Root perforations are undesired complications of endodontic treatment. Once a perforation has been diagnosed, treatment must be rendered to seal the perforation site effectively to minimize injury and prevent contamination of the surrounding periodontal attachment apparatus. Although successful treatment and prognosis depend on many factors, the location of the perforation and the time lapse between exposure and repair are the two most important factors for determining the treatment and prognosis of the tooth. Perforations have been treated mainly through surgical means earlier. However, now, with the introduction and widespread use of the operating microscope, together with the power of ultrasonics, the nonsurgical repair of perforation is more predictable, safe, and easy.

This present case illustrates concepts and techniques of using the operating microscope to visualize and repair the perforation nonsurgically.

CASE REPORT

A 35-year-old female patient reported to the Department of Conservative Dentistry and Endodontics, Dr. R. Ahmed Dental College and Hospital, Kolkata, with pain in tooth No 11. She gave a history of root canal treatment (RCT) having been attempted elsewhere on that tooth, about one month prior.

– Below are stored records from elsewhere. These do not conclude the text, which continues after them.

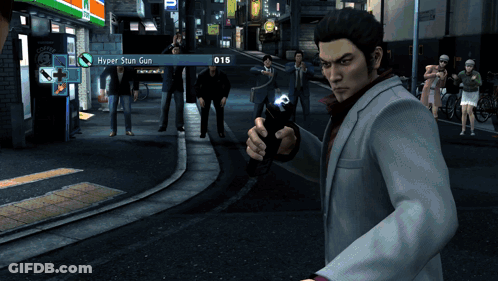 A Man Holding A Gun In A Video Game With A Hyper Stun Gun GIF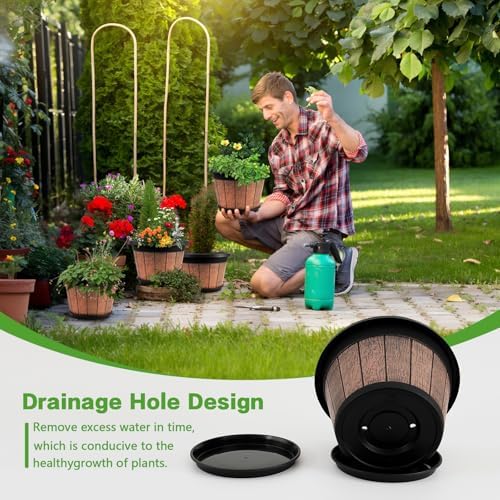 Quarut 4 Pack 8 inch Pots for Plants,Upgrade Whiskey Barrel Planters - Image 4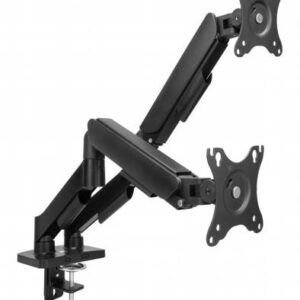 ACT AC8314 Monitorarm Essentials | Verstelbare Monitor-bureaubeugel | Tot 35" | Max 2x 9 kg | VESA 75x75 / 100x100 | 2 Monitoren | Gasveer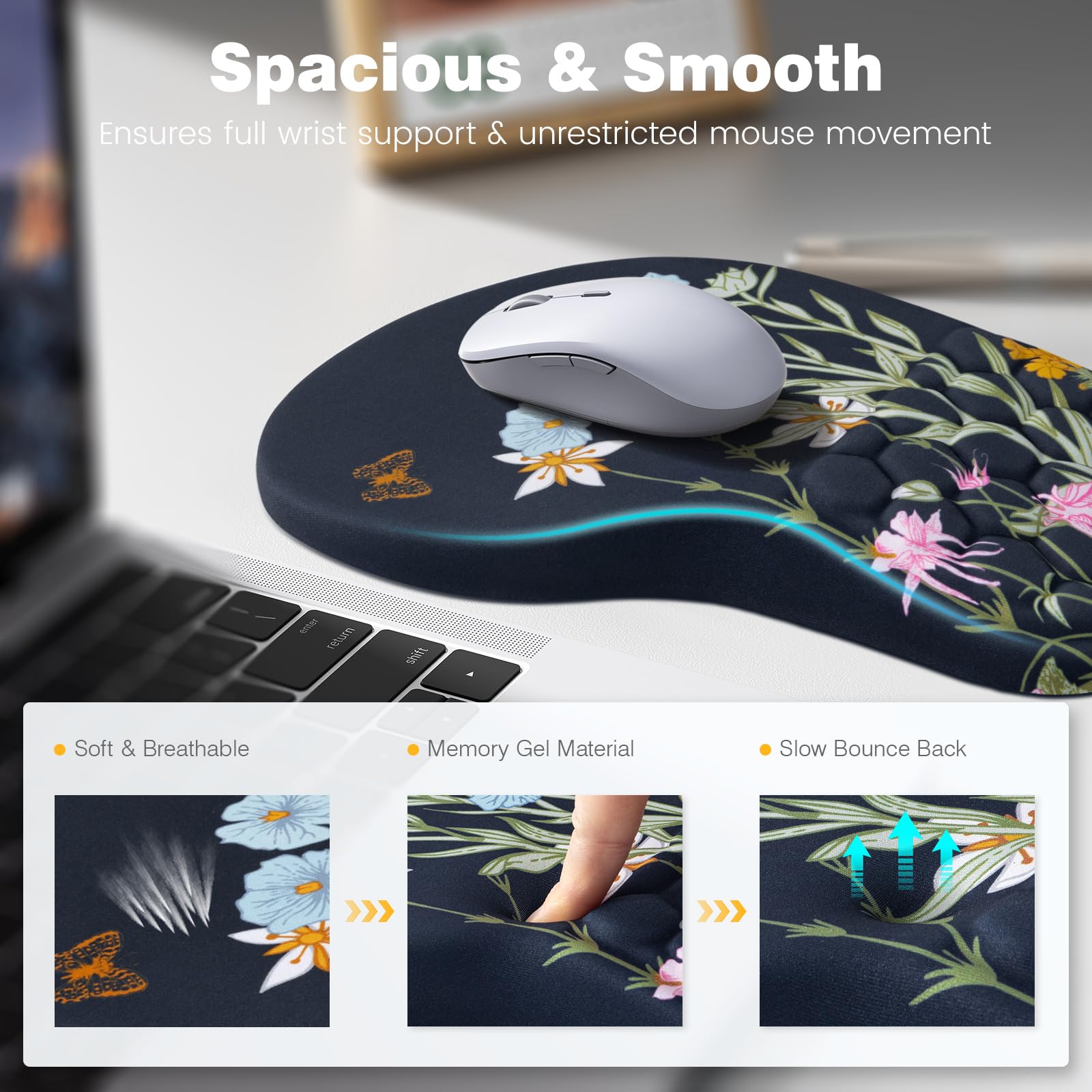 Ospelelf Ergonomic Mouse Pad and Keyboard Stand Wrist Rest Set, Memory Foam Comfort, Pain Relief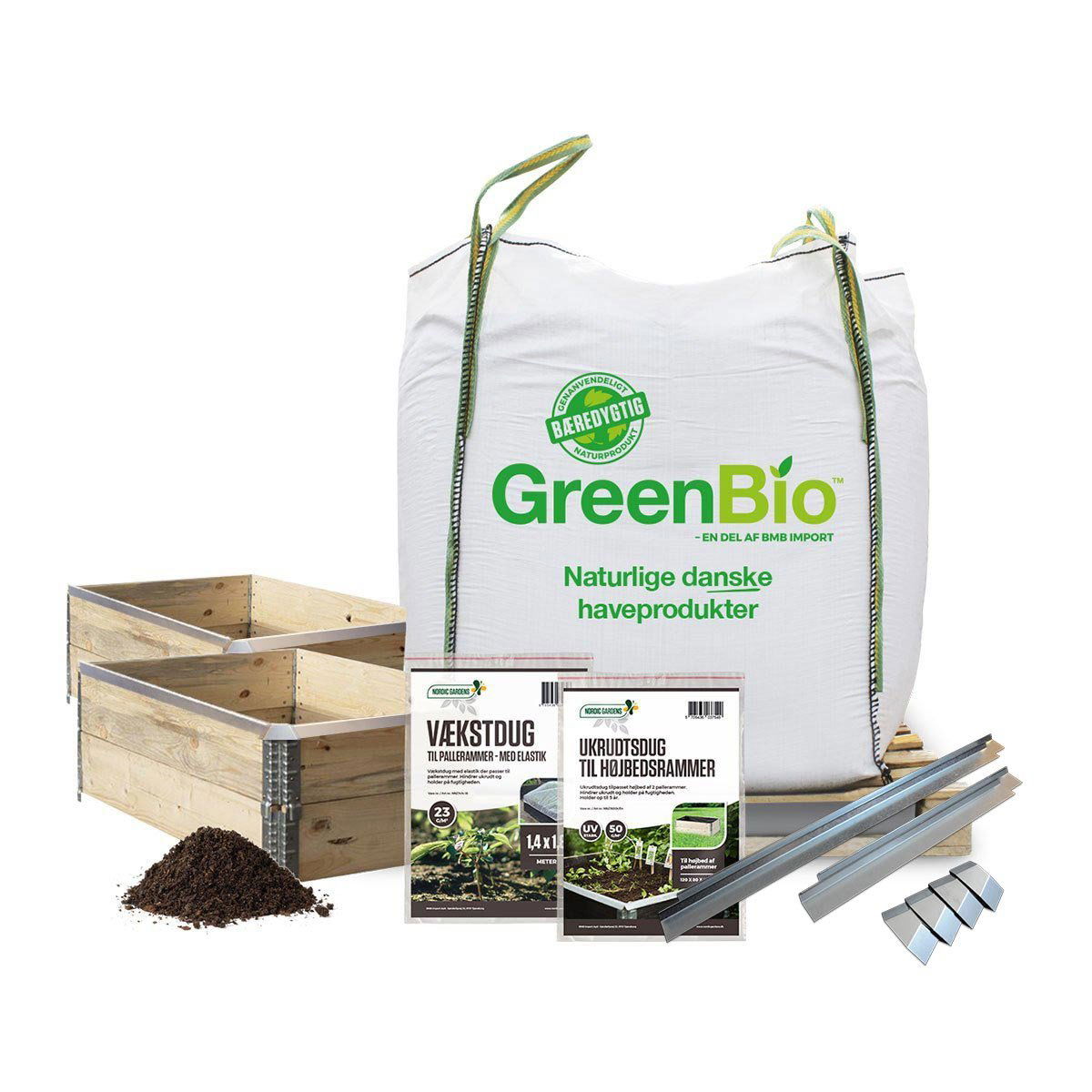 Komplet pakke til 2 højbede inkl. sneglekanter, ukrudtsdug og vækstdug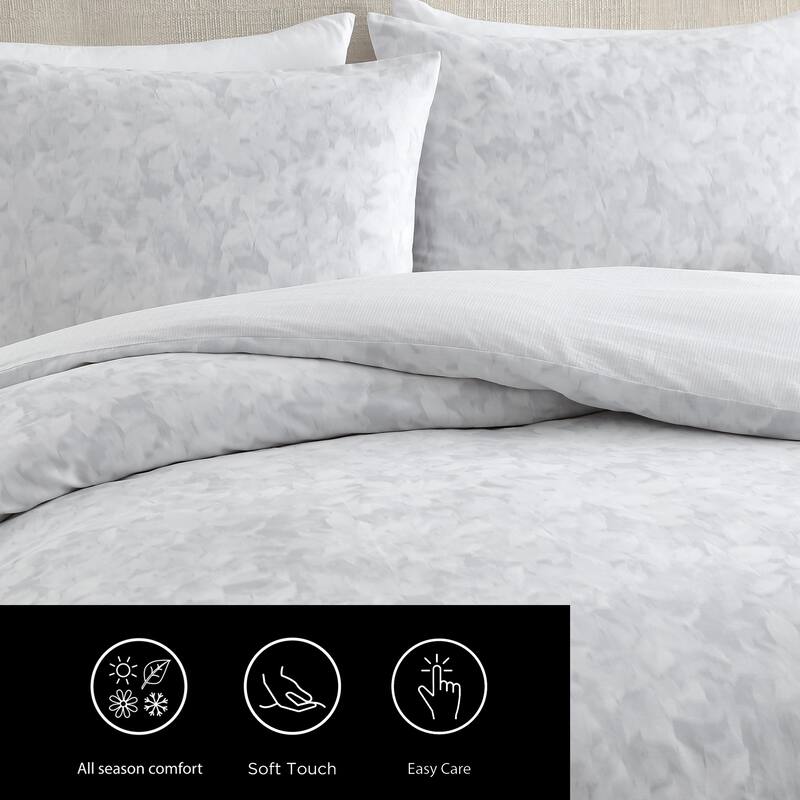Vera Wang Nebulous Flower Reversible Cotton Tailored Comforter Set Modern (Grey, 3 Piece)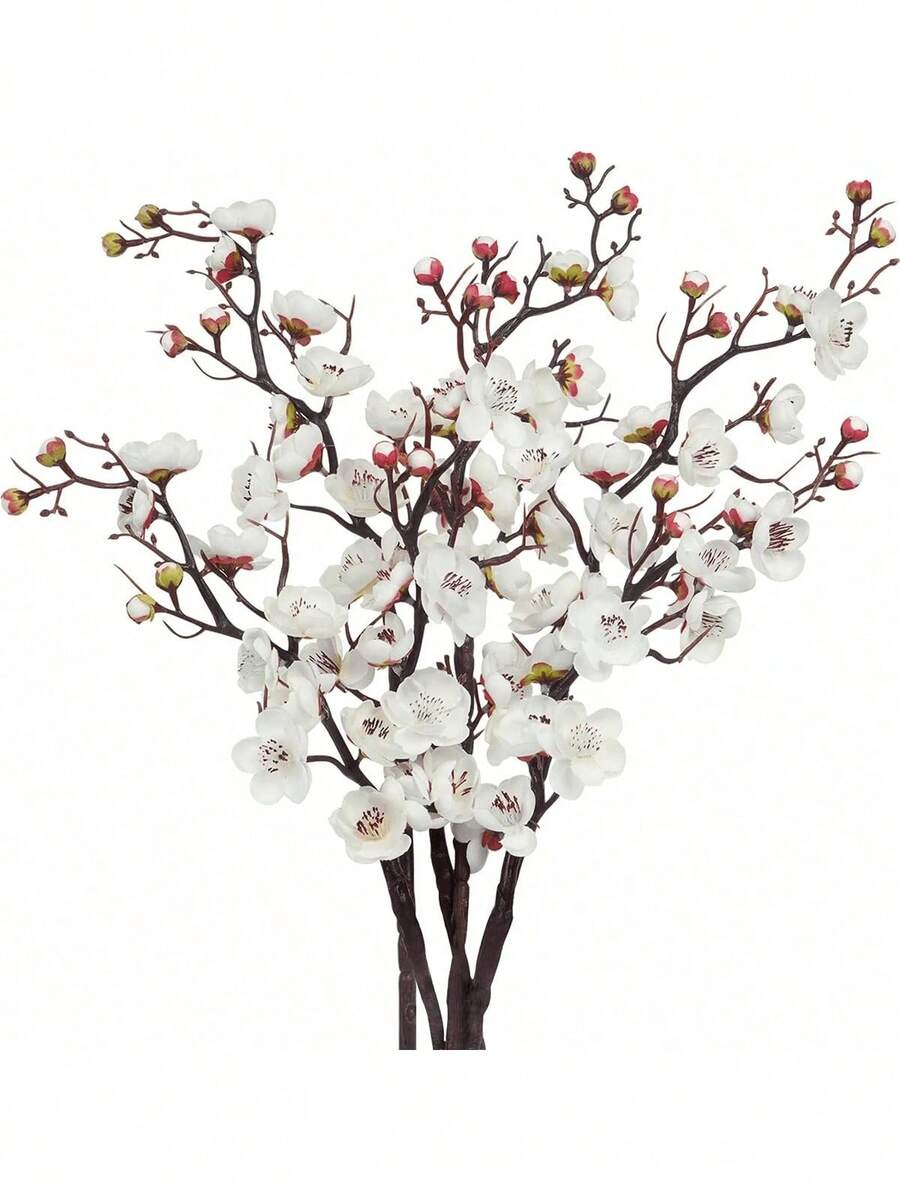 1pc/3pcs/5pcs/10pcs 23.22 Inch Bendable Artificial Silk Sakura Flower Branches With Leaves, Suitable For DIY Flower Wall, Scene Decoration, Vase Arrangement In Living Room/Bedroom, Wedding, Party, Tabletop Decor. Deciduous In Autumn/Winter - White - View 1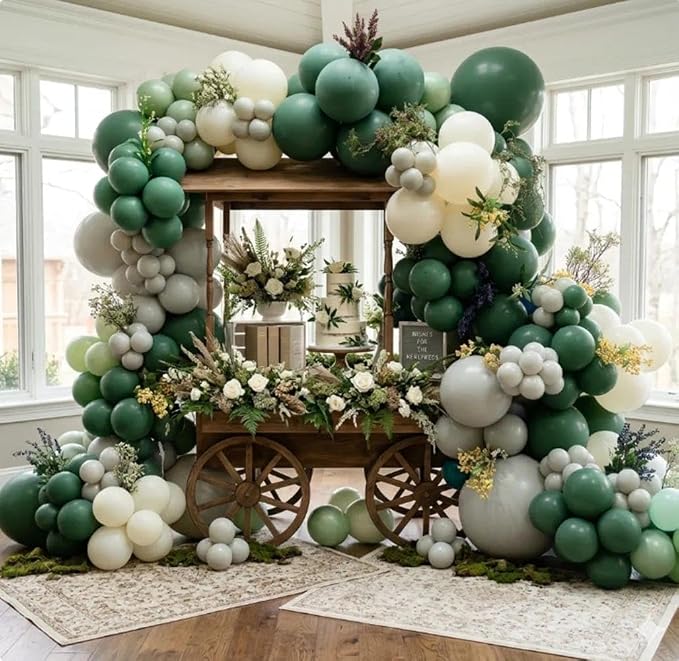Pastel Green Balloon Garland Kit Different Sizes Double Stuffed Balloons Latex - Image 6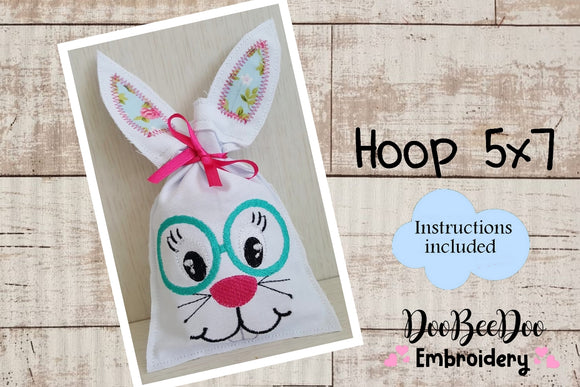 Easter Bunny Bag Lilac - ITH Project - Machine Embroidery Design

Clinical examination revealed that access preparation had been attempted in the grossly carious maxillary right central incisor. Under rubber dam isolation, the access opening was carefully examined under a Dental Operating Microscope (FS – 1-11; MOELLER – WEDDEL INTERNATIONAL, Germany) (16X Magnification). Distolateral midroot perforation with ledge formation was clearly visualized under the microscope [Figure 1].

Figure 1

Perforation site in disto-lateral mid-root area of tooth 11 under Microscope in 16X magnification

An intraoral periapical radiograph was taken with a #60 size gutta percha (GP) point placed in the perforation, which aided in further localizing the site of the perforation, and it was confirmed that the defect was subcrestal [Figure 2]. A slight periodontal ligament (PDL) widening was seen.

Figure 2

IOPA radiograph of tooth 11 with GP point placed through the perforation

The decision to nonsurgically manage the perforation using Mineral Trioxide Aggregate, under a Dental Operating Microscope, was taken with the patient's consent.

The lateral walls of the perforation were refined and cleaned with light brushing strokes using an Endo 4 ultrasonic tip (Dentsply Tulsa Dental, Tulsa, Oklahoma). Hemostasis was achieved. A #60 size gutta percha point was used to establish the length from the incisal reference point up to the perforation site inside the root canal. Healiguide (ENCOLL, Fremont, CA, USA), an absorbable collagen material was chosen to provide complete hemostasis and a controlled barrier, to pack the restorative material against it. Working length was established and a #40 size GP point was placed in the canal [Figure 3]. Pieces of healiguide were appropriately cut and carried out into the access cavity [Figure 4]. These were progressively placed into the chamber with an appropriate plugger and firmly pressed through the perforation defect. A solid barrier was established [Figure 5]. The access cavity and perforation defect were flushed thoroughly with normal saline and dried. Mineral trioxide aggregate (MTA – ANGELUS; Peterborough, UK) was mixed and carried to the perforation site with the help of a carrier and packed with an appropriately fitted plugger. Repair of the perforation was carried out by progressive placement and packing of small increments of the Mineral Trioxide Aggregate. The gutta percha point was removed and moist cotton pellets were placed over the Mineral Trioxide Aggregate, and closed with noneugenol temporary restoration (Cavit, 3MESPE). The Mineral Trioxide Aggregate was allowed to set for approximately four hours and the patient was recalled after four hours. The canal was opened and it was found that the well-adapted, hard Mineral Trioxide Aggregate had sealed the perforation site and ledge area [Figure 6]. Biomechanical preparation was carried out using the step back method. Apical preparation was performed up to size #60 and obturation was done by lateral condensation of the gutta percha [Figure 7].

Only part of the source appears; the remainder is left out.